You may address nutritional deficiencies with the following supplements:
- A daily multivitamin. Containing the antioxidant vitamins A, C, E, the B-complex vitamins, and trace minerals, such as magnesium, calcium, zinc, and selenium.
- Omega-3 fatty acids, such as fish oil. To help reduce inflammation and help with immunity. Omega-3 fatty acids can have a blood-thinning effect. If you take blood-thinning medications, speak to your doctor before taking omega-3 fatty acids.
- Vitamin C. As an antioxidant and for immune support.
- Alpha-lipoic acid. For antioxidant support. Alpha-lipoic acid can potentially interact with certain chemotherapy medicines.
- Magnesium, for nutrient support. If you are taking blood pressure medication or other heart medication, speak to your doctor before taking magnesium. Magnesium can interfere with certain medications, including some antibiotics and biphosphate medication.
- Chromium. For blood sugar regulation. If you have liver or kidney issues, or a history of psychiatric issues, talk to your doctor before starting chromium supplements.
- Probiotic supplement (containing Lactobacillus acidophilus). When needed for maintenance of gastrointestinal and immune health. If you are immune compromised, or on immunosuppressive drugs, speak to your doctor before taking probiotics. Some acidophilus products may need refrigeration -- read labels carefully.
Herbs are a way to strengthen and tone the body's systems. As with any therapy, you should work with your health care provider to diagnose your problem before starting any treatment. You may use herbs as dried extracts (capsules, powders, or teas), glycerites (glycerine extracts), or tinctures (alcohol extracts). People with a history of alcoholism should not take tinctures. Unless otherwise indicated, make teas with 1 tsp. herb per cup of hot water. Steep covered 5 to 10 minutes for leaf or flowers, and 10 to 20 minutes for roots. Drink 2 to 4 cups per day. You may use tinctures singly or in combination as noted. If you are pregnant or nursing, talk to your doctor before using any herbal products.

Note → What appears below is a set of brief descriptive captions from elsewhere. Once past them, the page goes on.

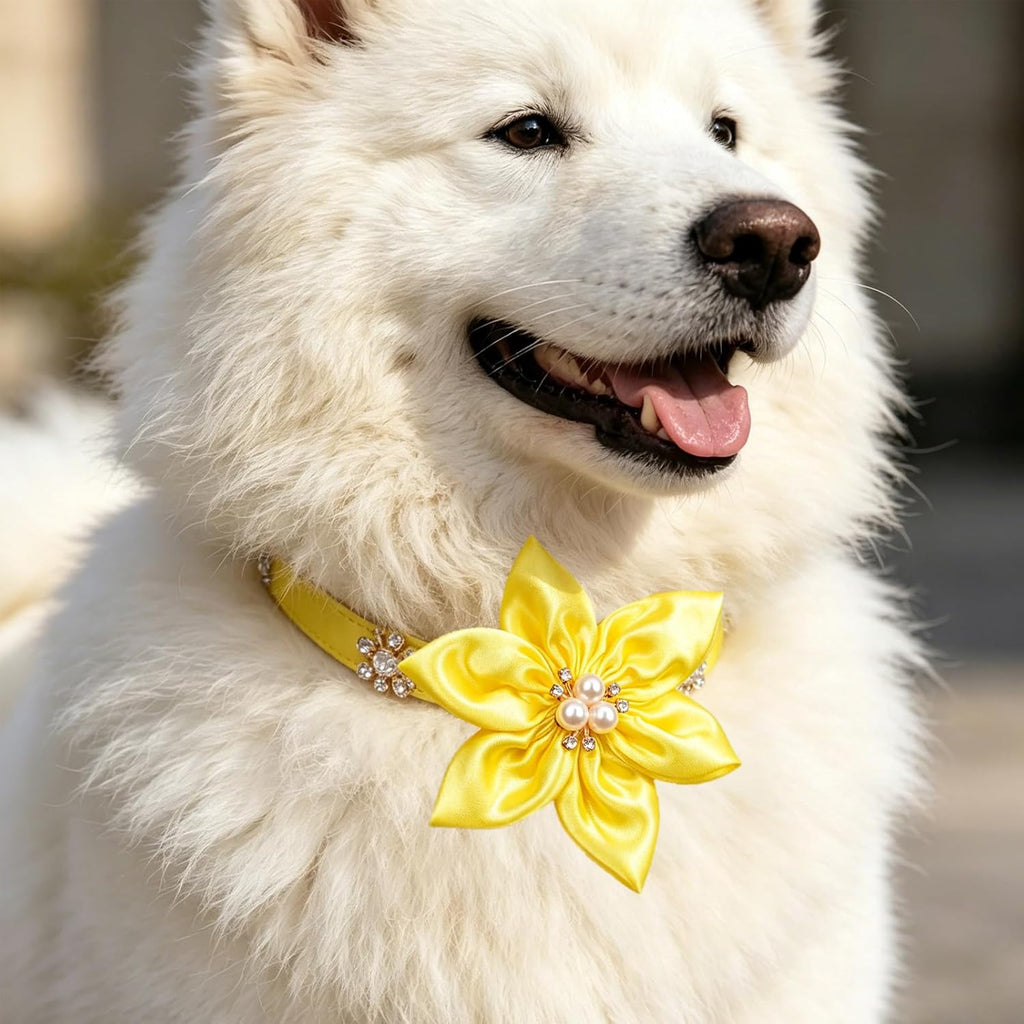8 PCS Flower Rhinestone Dog Collar, Adjustable Bling Sparkling Jewelry Pet Necklace for Small Medium Dogs Cats, Comfortable Fashion Grooming Accessories for Wedding Party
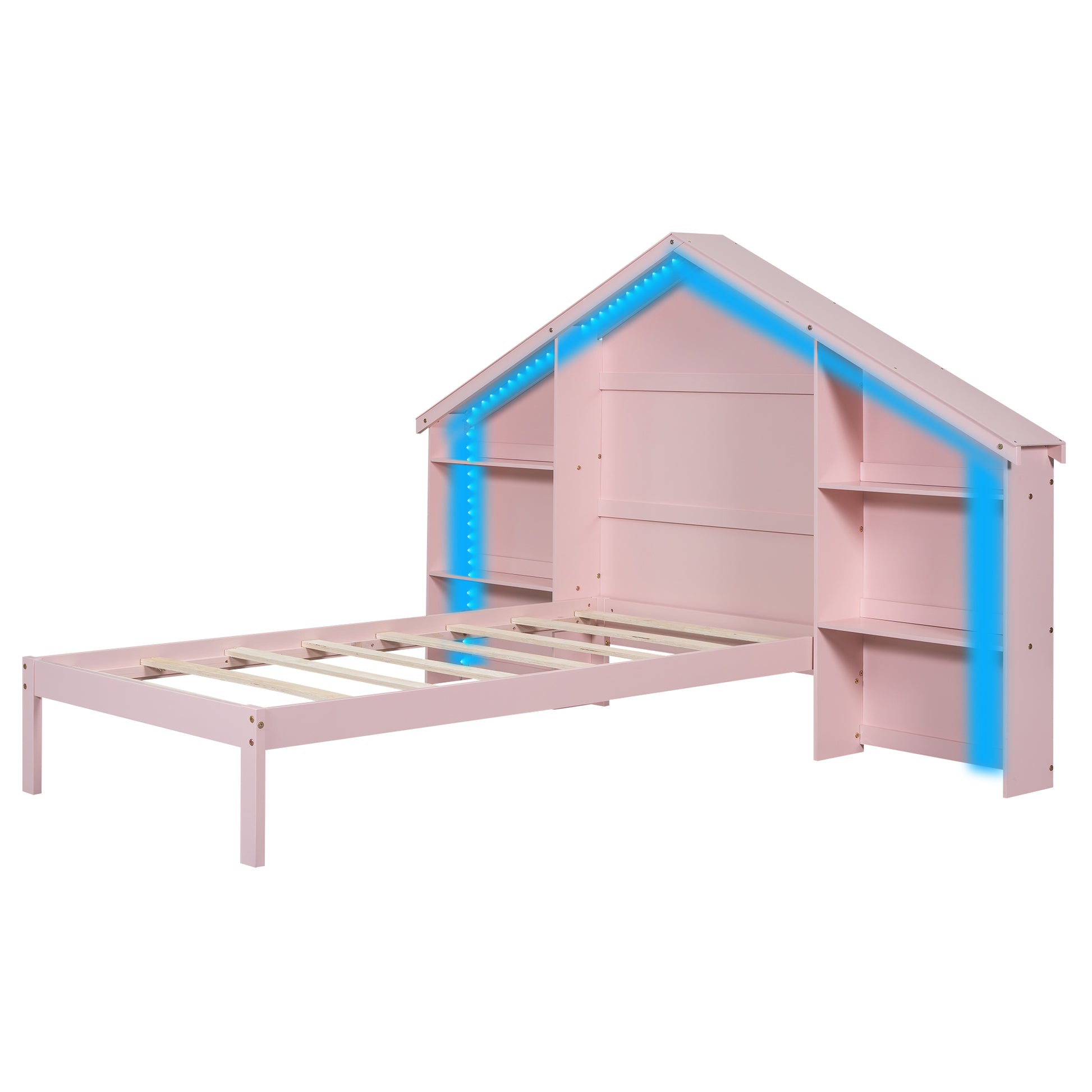 Wood Twin Size Platform Bed With House Shaped Storage Headboard And Built In Led, Pink Box Spring Not Required Twin Pink Bedroom Bed Frame Solid Wood Mdf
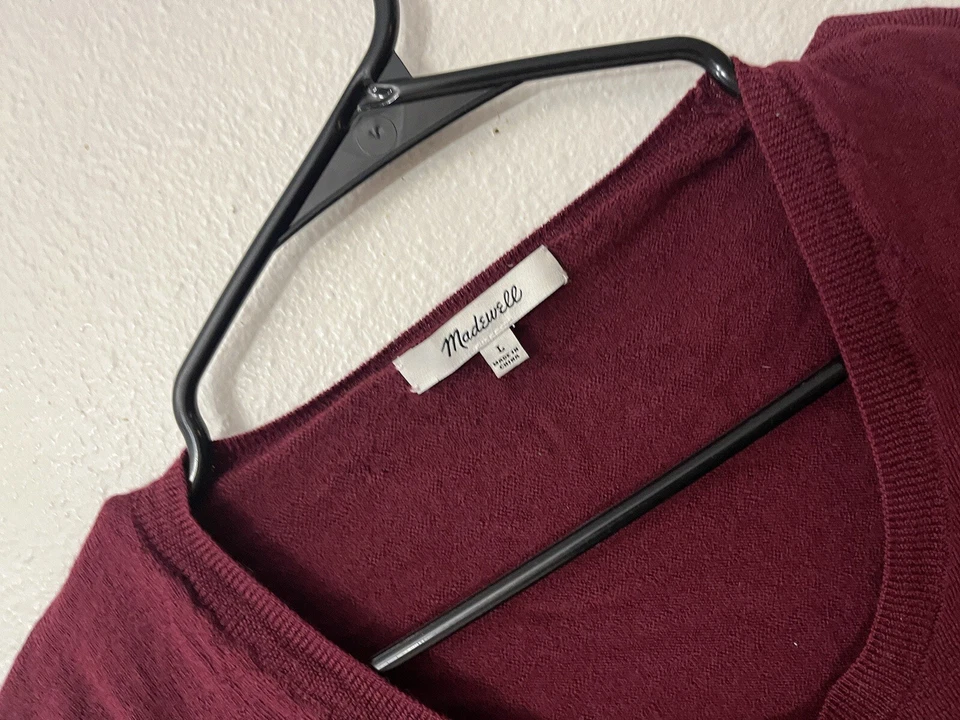 Madewell Northlight Merino Wool Sweater Hi Low Pullover Maroon F5570 Women’s L - Image 2 of 4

- Green tea (Camellia sinensis). For antioxidant effects. You may also prepare teas from the leaf of this herb. Caffeine-free products are available and preferable.

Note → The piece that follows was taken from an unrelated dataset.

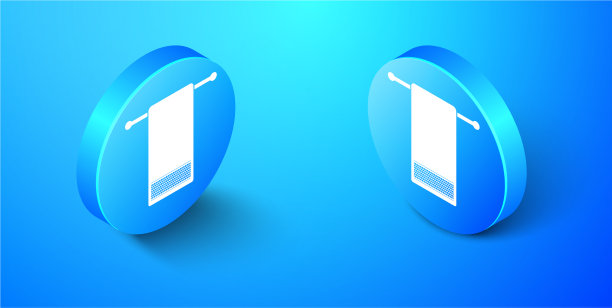 等距毛巾在衣架上图标孤立在蓝色图片下载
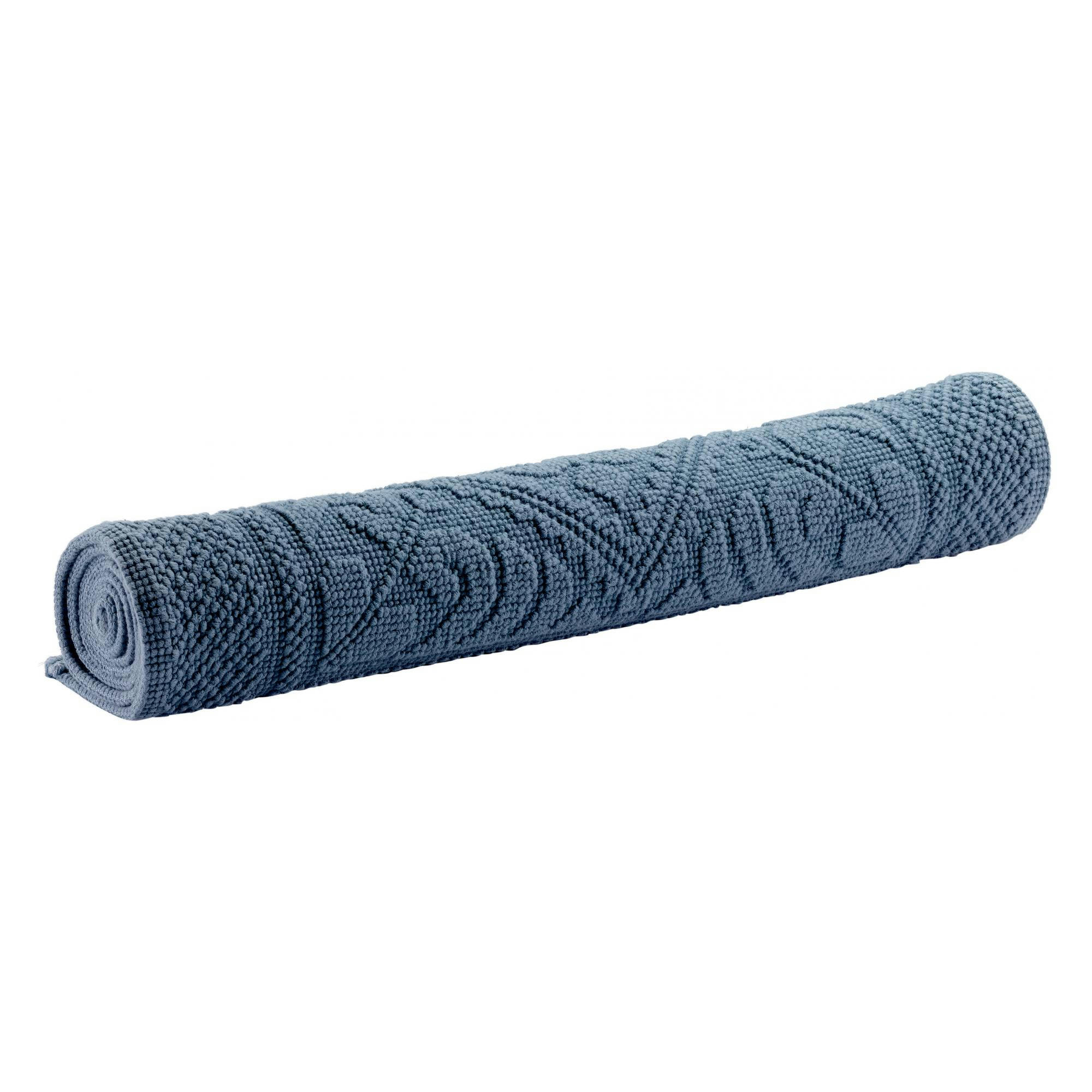 ENZO - Tapis de bain uni  en coton tempete 54 x 64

- Holy basil (Ocimum sanctum). For stress balance. You can also prepare teas from the plant. Holy basil may slow blood clotting and therefore increase the effect of blood-thinning medicines, such as warfarin (Coumadin). There may be an interaction with Phenobarbitol.
Acupuncture may decrease stress, increase coping skills, and regulate hormone function.

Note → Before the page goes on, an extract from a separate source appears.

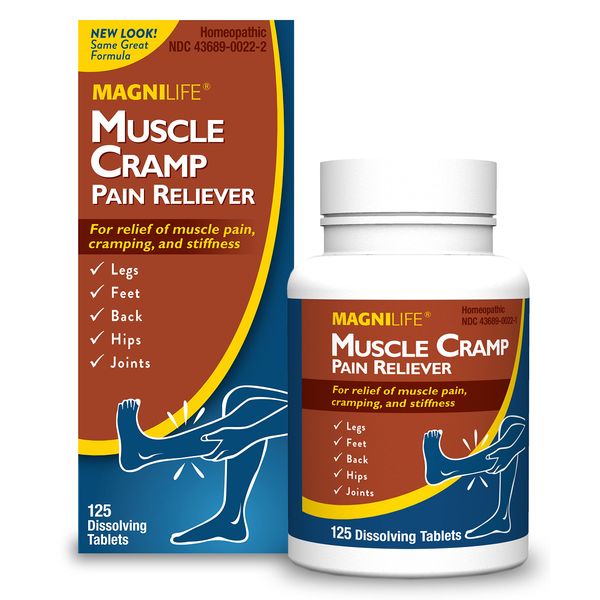 MagniLife Muscle Cramp Pain Reliever, All-Natural Acting Muscle Pain Relief to Soothe Stiffness and Discomfort in Legs, Back, Feet, Hips, and Joints - 125 Tablets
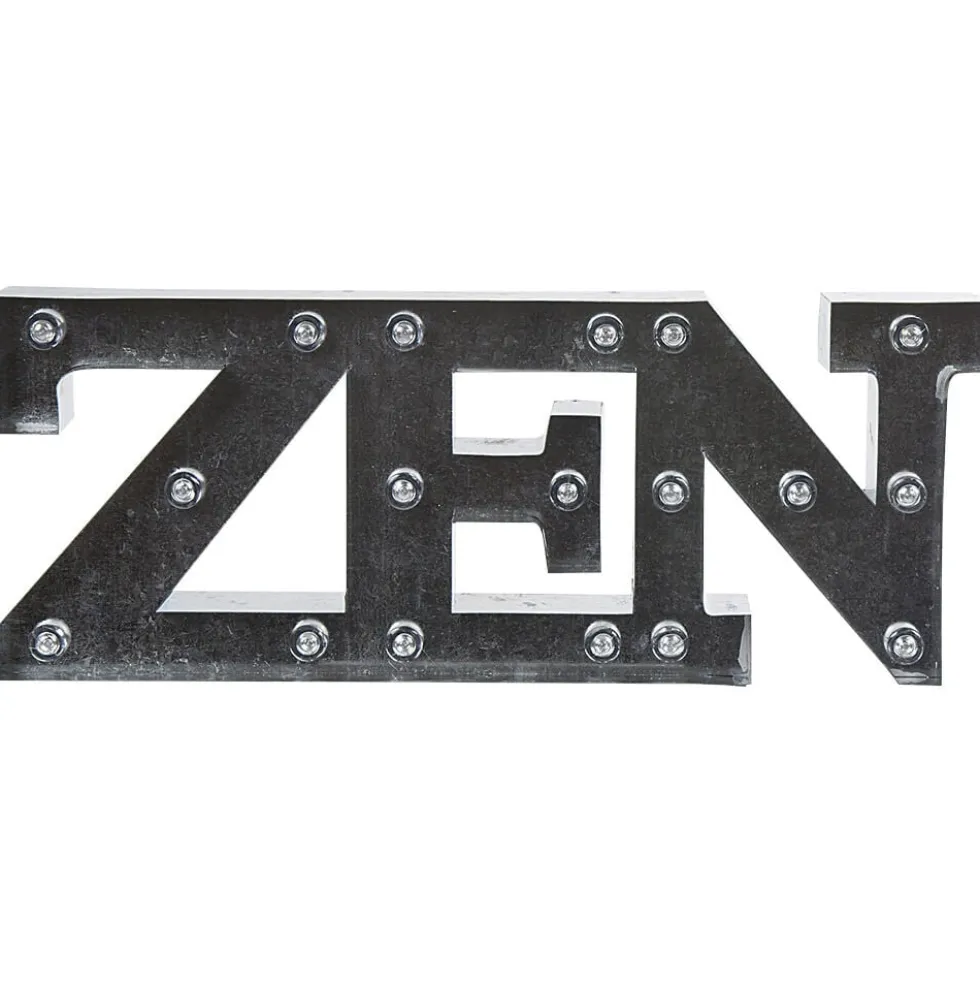 Décoration lumineuse LED mot ZEN effet zinc gris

Any underlying condition that may be causing your hypoglycemia must be aggressively treated so that your episodes do not recur. If you have hypoglycemia when you exercise, carry a healthy snack with you. hypoglycemia causes a cascade of effects that may induce stress and cardiac arrhythmias (irregular heart beat), contribute to sudden cardiac death, and cause bleeding in the brain. Speak to your doctor.
DO NOT ignore the signs and symptoms of hypoglycemia. Untreated, it can cause irreversible brain damage, coma, or even death.